【会計処理メモ】現代美術作品の制作展示報酬と源泉徴収義務
はじめに、今回は確定的な結論はありません。
所得税法上、源泉徴収が必要な報酬・料金等は限定列挙されています。
セミナー講師個人に対する謝礼や弁護士や税理士個人に対する料金などがよく知られています。
その中で、アートや美術に関わる区分といえば、特に「デザインの報酬」と「著作権の使用料」です。
ただ、「デザインの報酬」は、製品やインテリアといった工業・商業デザインに限られています。
そのため、よりアートや美術という観点で複雑に関わってくるのは、「著作権の使用料」です。
国税庁が毎年出している「源泉徴収のあらまし」において、「著作権の使用料」として列挙されている具体例としては、映画の原作料や著作物の放送等があります。
その多くは、JASRAC等の管理団体が著作権を管理しているため、源泉徴収が必要な報酬に該当しません(源泉徴収義務はほぼ対個人であるため)。
ただ、美術の世界では、世間が周知の管理団体がないこともあり、制作者個人が著作権を持っていることのほうが多いのです。
そうなると、そのアーティストフィーは、著作物の展示に対する報酬となり、源泉徴収が必要となります。
ここで問題になってくるのは、著作権の根拠となる著作権法が古典的な絵画や彫刻などを対象として想定している一方、現代美術(現代アート)での実体を伴わない展示手法等をそもそも想定していないことにあります。
極端な例にはなりますが、有名なところでマルセル・デュシャンという芸術家の「泉」という作品があります。
この作品は、男性小便器にデュシャンのサインを書き入れただけのものです。
既製品を展示し、それを選択した意味を解釈することにアート性を見出しているわけですが、ここに著作権は発生しているといえるでしょうか?
裁判となった事例もあります。
金魚電話ボックス盗作裁判です。
この裁判例にもありますが、現代アートと著作権の関係は個別ケースで判断する必要があるのです。
ここから話を所得税の源泉徴収に戻します。
芸術家に絵画を制作してもらい、展示したとします。そして、その芸術家にその対価として、報酬を支払いました。これは明確に「著作権の使用料」として源泉徴収が必要です。

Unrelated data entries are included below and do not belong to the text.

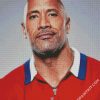 Dwayne johnson the rock diamond painting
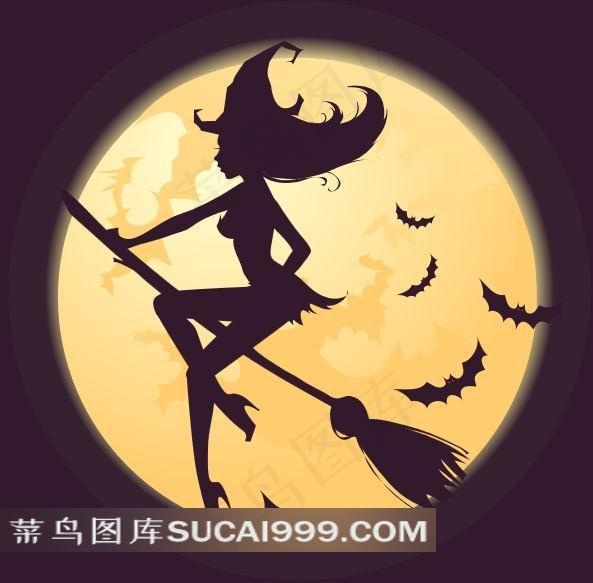 万圣节女巫图片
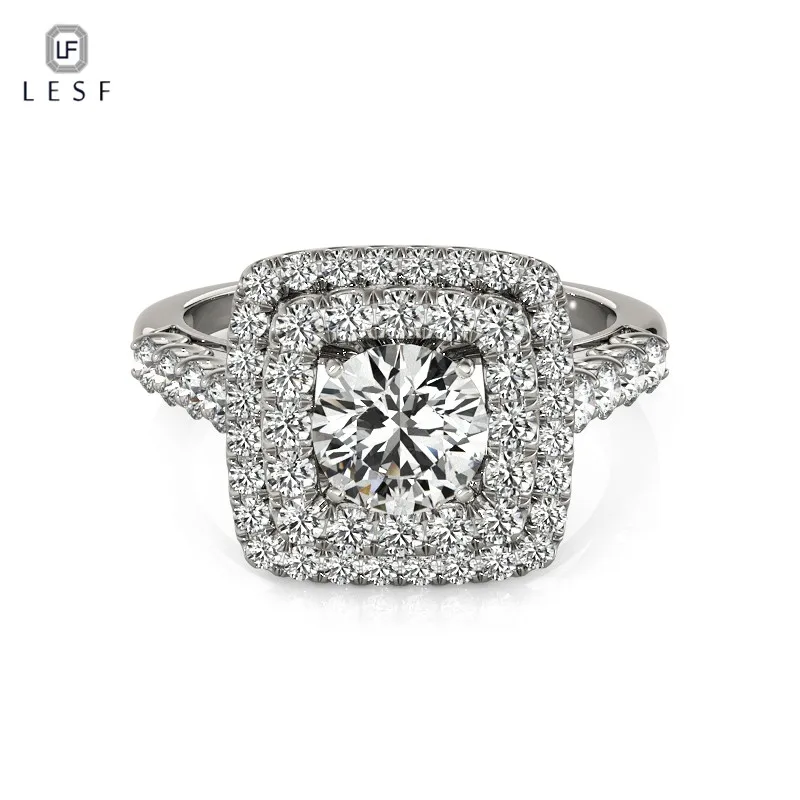

LESF 2018 New 100% 925 Sterling Silver Lavish Sparkling Ring, Finger Ring for Women Sterling Silver Jewelry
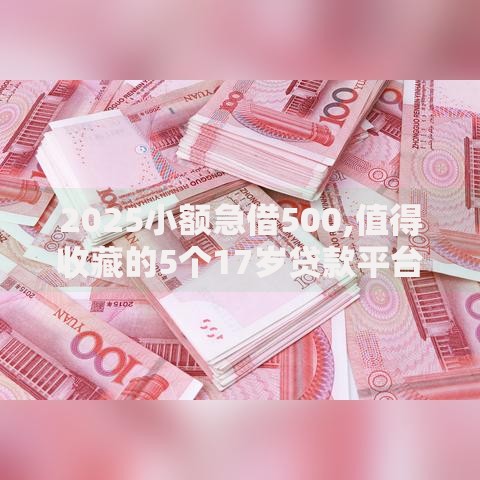 2025小额急借500,值得收藏的5个17岁贷款平台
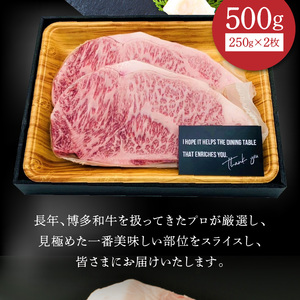 博多和牛A5サーロインステーキ【厳選部位】500g（250g×2枚）_KMP0203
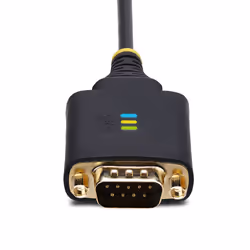 StarTech.com 2ft (60cm) 2-Port USB to Serial Adapter Cable, Interchangeable DB9 Screws/Nuts, COM Retention, USB-A to DB9 RS232, FTDI, Level-4 ESD Protection, Windows/macOS/ChromeOS/Linux - Rugged TPE Construction - Additional view 4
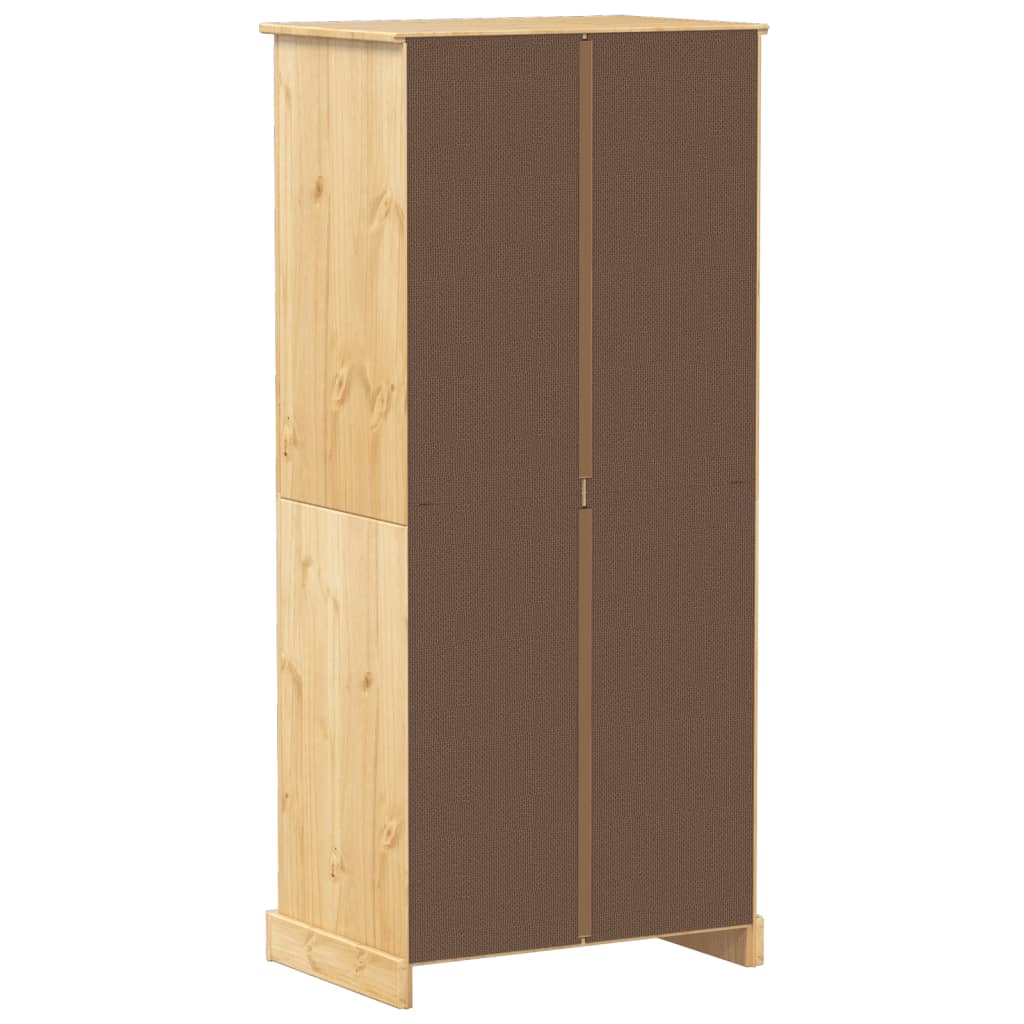 Kledingkast Corona 76x50x170 cm massief grenenhout is nu te koop bij PeponiXL, paradijselijk wonen!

一方、芸術家に現代アートを制作してもらい、展示したとします。
そして、その芸術家にその対価として、報酬を支払いました。
行為としては上と同じなのですが、急にここで現代アートの著作物性を考える必要があるわけです。
税の専門家で、かつ現代アートの専門家の登場が望まれます。そうでないとほぼお手上げです。